THE RECORDS:
■ ■ ■ ■

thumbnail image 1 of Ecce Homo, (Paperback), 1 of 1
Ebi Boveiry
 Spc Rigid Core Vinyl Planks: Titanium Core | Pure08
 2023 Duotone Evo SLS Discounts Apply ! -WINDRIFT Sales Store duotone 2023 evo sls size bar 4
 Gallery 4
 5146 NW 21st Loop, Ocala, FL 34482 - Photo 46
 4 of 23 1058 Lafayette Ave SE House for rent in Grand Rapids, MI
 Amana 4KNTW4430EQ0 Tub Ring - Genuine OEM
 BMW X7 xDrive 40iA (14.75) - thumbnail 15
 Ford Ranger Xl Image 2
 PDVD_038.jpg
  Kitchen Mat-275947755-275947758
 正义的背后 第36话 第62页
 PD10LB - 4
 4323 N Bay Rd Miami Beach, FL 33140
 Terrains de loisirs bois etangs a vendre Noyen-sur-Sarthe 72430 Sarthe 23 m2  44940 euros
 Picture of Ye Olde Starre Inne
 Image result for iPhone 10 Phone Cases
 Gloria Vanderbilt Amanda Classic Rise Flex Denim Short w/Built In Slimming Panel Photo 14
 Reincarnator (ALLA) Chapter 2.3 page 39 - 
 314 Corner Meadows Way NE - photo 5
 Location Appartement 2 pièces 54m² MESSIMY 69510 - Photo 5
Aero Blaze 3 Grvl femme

■ ■ ■ ■

ABOUT THIS EXERCISE:
Output exactly the lines above, from the one holding "4323 N Bay Rd Miami Beach, FL 33140" through the end of the data, including the first and last.

RESPONSE:
 4323 N Bay Rd Miami Beach, FL 33140
 Terrains de loisirs bois etangs a vendre Noyen-sur-Sarthe 72430 Sarthe 23 m2  44940 euros
 Picture of Ye Olde Starre Inne
 Image result for iPhone 10 Phone Cases
 Gloria Vanderbilt Amanda Classic Rise Flex Denim Short w/Built In Slimming Panel Photo 14
 Reincarnator (ALLA) Chapter 2.3 page 39 - 
 314 Corner Meadows Way NE - photo 5
 Location Appartement 2 pièces 54m² MESSIMY 69510 - Photo 5
Aero Blaze 3 Grvl femme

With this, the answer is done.